I also received two pitches, one from a start-up and the other from a re-launch. Both promised to digitize the private jet charter booking process.
One is positioning itself as a platform, connecting consumers directly to operators.
It always reminds me how wrong Bill Gates was when, in the 1990s, he told us we could throw away our travel agent’s business card now that we could book hotels online.
The travel agents—or advisors, designers, planners as they are now called—who are doing exceptionally well are those like my friend who focuses on UHNWs.
There’s a consortium of these agencies called Virtuoso. Together, they sell around $30 billion per year in luxury travel.
Certares, along with Delta, is an investor in Wheels Up. It also owns Internova, one of the biggest groups of luxury travel advisors.
It’s the same demographic as the private jet user.
I also spoke to a couple of charter brokers who have jet cards, although most of their business is with ad hoc clients.
They told me about clients whose flying needs don’t fit neatly into a programmatic offering.
Both noted that while they use various operators, they focus most of their business on a select few.
That gives them more clout when something goes wrong.
Air Charter Service, a U.K.-based broker, has over 30 offices worldwide. That way, when a client in Houston needs a charter flight in Australia, its office in Sydney already has relationships with local operators there.
Consumers who buy flights one-by-one from operators often find themselves at the bottom of the totem pole.
And yes, anyone in the industry knows that from your call to book a flight until you board your jet, there are many moving parts and people who make them move to the right places at the right time, creating that seamless experience.
Living in Miami, I’ve spent a few days in the Unity Jets office to see how the sausage is made.
It always reminds me why if you have a good broker, you should treat them like gold.

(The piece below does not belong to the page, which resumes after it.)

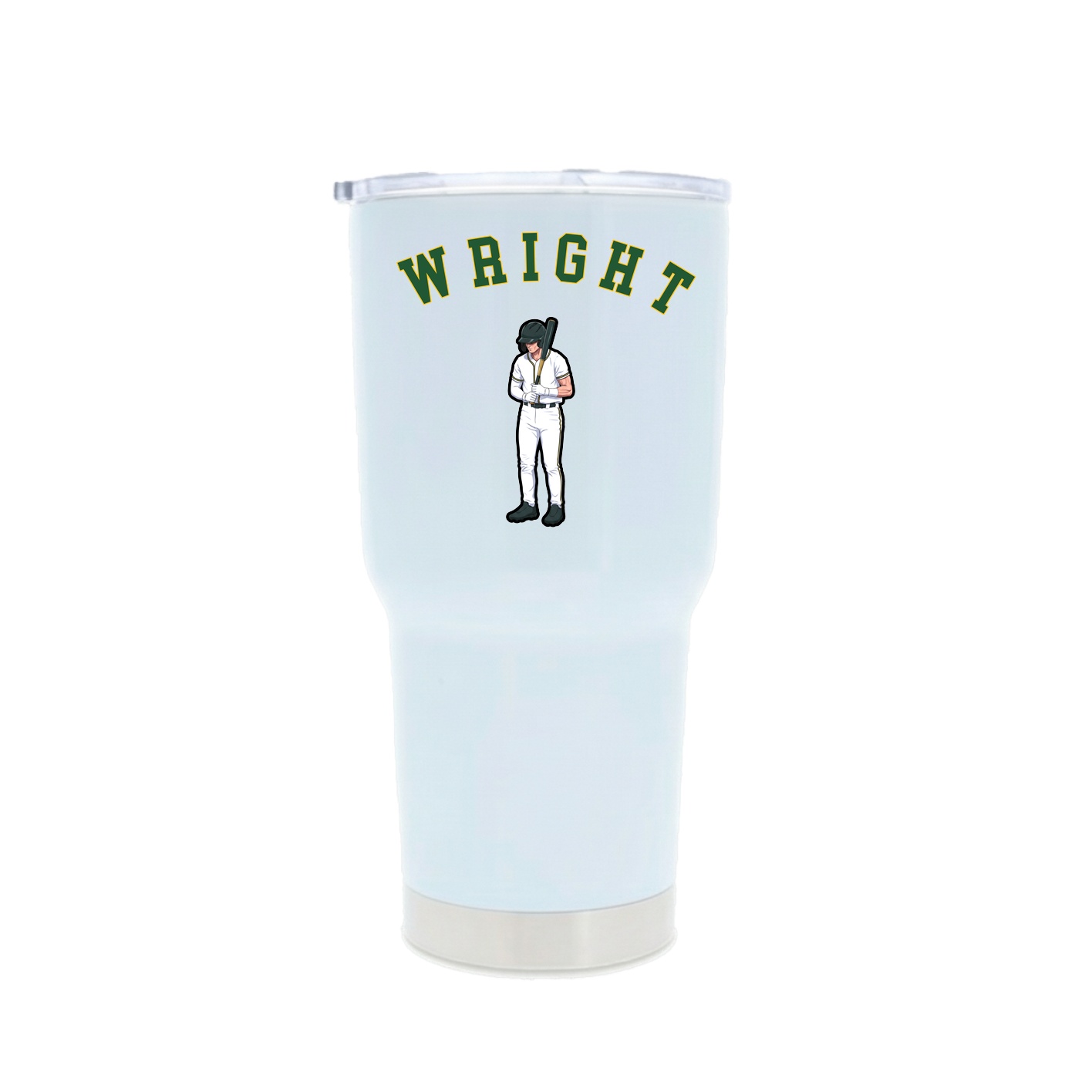 30oz Stainless Steel Tumbler — Shirsey Arch in White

So, while jet cards and fractional programs serve various market segments and needs, your good old charter broker likewise offers a differentiated service that rules-based offerings usually don’t cover particularly well.

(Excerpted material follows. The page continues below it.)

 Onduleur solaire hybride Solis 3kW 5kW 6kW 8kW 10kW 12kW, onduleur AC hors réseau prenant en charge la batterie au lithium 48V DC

While there was great speculation that Air Partner would be sold as part of the Delta-led changes at Wheels Up, the fact that new management has embraced the brokerage a focal point of the flight provider’s 2.0 says a lot about why brokers should be bullish about their future.
I guess that shouldn’t have been a surprise.

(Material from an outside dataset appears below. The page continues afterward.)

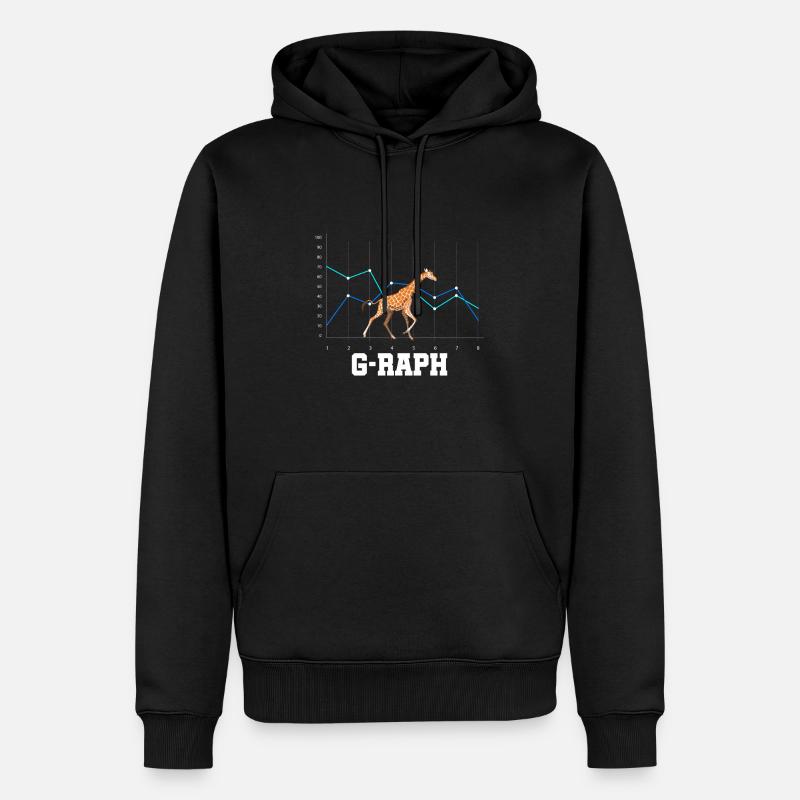 G RAPH - Männer Premium Bio Hoodie - Schwarz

After all, the old XOJet built a successful off-fleet brokerage business.
Flexjet, Inc. has done the same with its charter broker FXAir.
It complements the company’s fractional ownership offerings via Flexjet and jet cards from Sentient Jet.
In other words, there is a big difference between sourcing airplanes for clients guaranteed a midsize jet and getting the right aircraft for somebody with more particular needs.
The latter is where a good charter broker excels.
Interestingly, I took a look at an old investor presentation for JetSmarter.
While much of the media coverage focused on its jet-sharing, buy-the-seat, and membership programs, nearly 40% of its revenue was from traditional ad hoc charters.
Next week, I’ll speak on a panel organized by Jacquie Dalton of Sparrow Jets at the NATA Air Charter Summit in Oklahoma City.
She’s a boutique broker, the proverbial one-person shop. She does have admin and accounting support. However, this is also a good reminder that good brokers can be found at both big and small companies.
As a final thought, many people use a combination. The key, of course, is finding the right solutions for your different needs. The good news is that there are lots of great options.